Français juifs et musulmans : sommes-nous irréductiblement voués à nous détester?
Alors que l'affaire Nemmouche attise les tensions intercommunautaires, il est urgent de proposer une vision plurielle et pacifiée de notre nation et des relations entre les individus.
Qu’est ce qu’on a fait au bon dieu? C’est la question que je me suis posée dans un premier temps en apprenant sur les réseaux sociaux l’attentat de Bruxelles et dans un second temps en entendant le nom du suspect. Mehdi.
J’avais l’impression de vivre un nouveau cauchemar. À peine réveillée du traumatisme des élections européennes avec pour la première fois le FN en tête d’une élection nationale, n’en déplaise à Malek Boutih, ce n’était pas un «match amical», voilà qu’un jeune Français connu pour des faits de délinquance, passé par la case prison et la Syrie, aurait tiré à la kalachnikov au Musée juif de Bruxelles ôtant la vie à quatre personnes et replongeant d’abord les communautés juives européennes dans la peur et par ricochet les communautés musulmanes dans l’angoisse d’être de nouveau l’objet des accusations et vexations. Schéma qui s’est reproduit à la perfection quand on lit les premières injonctions des politiques et personnalités faites aux musulmans sommés de s’expliquer, de se prononcer et de se désolidariser d’un acte qu’ils avaient unanimement tous condamné.
Alors dans mon for intérieur, je me suis dit que dans les prochains jours une fois de plus on entendrait beaucoup parler d’antisémitisme, d’islam radical, du djihad (dans sa conception la plus galvaudée, la guerre sainte) et pendant ce temps chacun de son côté Français juifs et musulmans, nous ferions le dos rond…
Les uns auront peur de se rendre à leur boucherie casher, éviteront de porter leur kippa dans la rue, auront peur en croisant un visage jeune et basané. Quant aux autres, de nouveau ils se sentiront pointés du doigt, stigmatisés par les discours dans les médias, dans la rue. Inlassablement on leur demanderait si eux sont pour un islam éclairé, moderne contrairement à ces Merah et Nemmouche.
Chacun de son côté remettra en question son avenir et celui de ses enfants dans le pays qui l’a vu naître et grandir. Chacun de son côté envisagera le départ. Vers un ailleurs moins morose et terrorisant.
Alors dans mon for intérieur, je me suis demandée ce que nous Français, membres d’une communauté de destin faisions pour atténuer, apaiser ces tensions. Règne dans notre pays un préjugé, une idée communément admise que Français juifs et musulmans seraient irréductiblement ennemis. Opinion historiquement fausse, elle gêne et entrave toute volonté des uns et des autres de s’engager dans un travail de fond et d’envergure de médiation, et d’apaisement. La nation ne reconnaît pas les religions, certes mais cela doit-il nous empêcher de prendre en compte l’émergence d’une appartenance religieuse de plus en plus affirmée chez nos concitoyens? La laïcité cadre certes contraignant doit-elle nous interdire de constater l’affirmation identitaire et religieuse des Français? Devons-nous être aveugles et sourds face aux tensions intercommunautaires qui peuvent s’exercer dans nos villes et quartiers?
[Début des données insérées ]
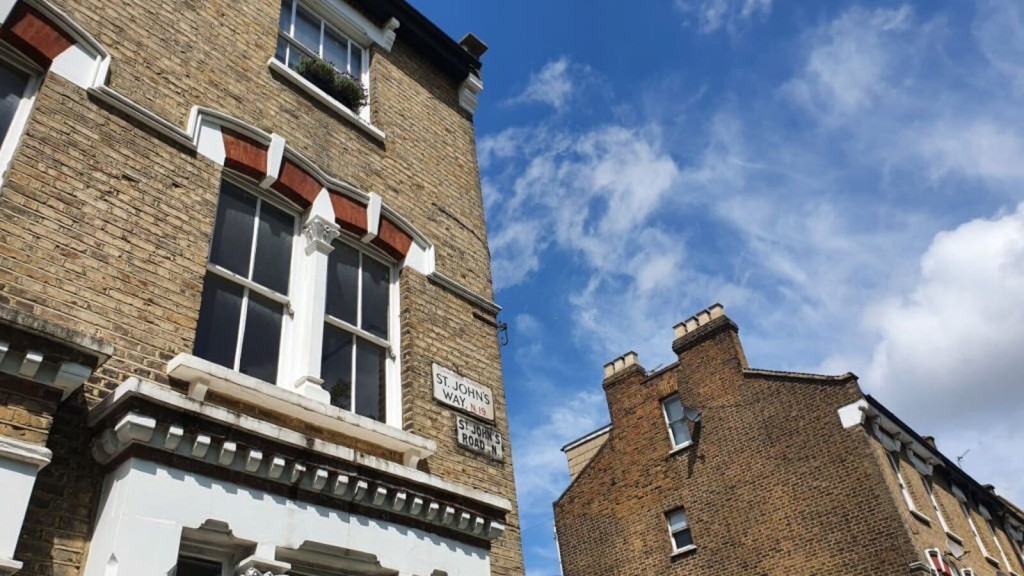 Victorian style brick corner buildings under a clear blue sky with white clouds, showcasing traditional London architecture with a street sign for St. John’s Way, Archway N19.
La question ne concerne pas uniquement les musulmans et juifs eux-mêmes mais l’ensemble de notre communauté nationale. En dehors du fait que ces deux composantes de notre société représentent les deux plus importantes numériquement minorités religieuses, il est impératif pour les autorités publiques de prendre en compte la réalité dans laquelle nous vivons aujourd’hui dans cette France du XXIe siècle avec toutes les complexités identitaires de ces citoyens.
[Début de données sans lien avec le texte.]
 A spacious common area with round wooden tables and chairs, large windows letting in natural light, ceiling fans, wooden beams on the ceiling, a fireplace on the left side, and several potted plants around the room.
Ce n’est nullement l’heure des discours creux et sans action, c’est celle de repenser et refonder le vivre-ensemble dont notre pays a tant besoin non seulement en luttant contre toutes les formes de racisme mais aussi et surtout en proposant une vision plurielle et pacifiée de notre nation et des relations entre les individus. Nous ne n’avons plus le luxe de voir émerger d’autres Merah ou Nemmouche.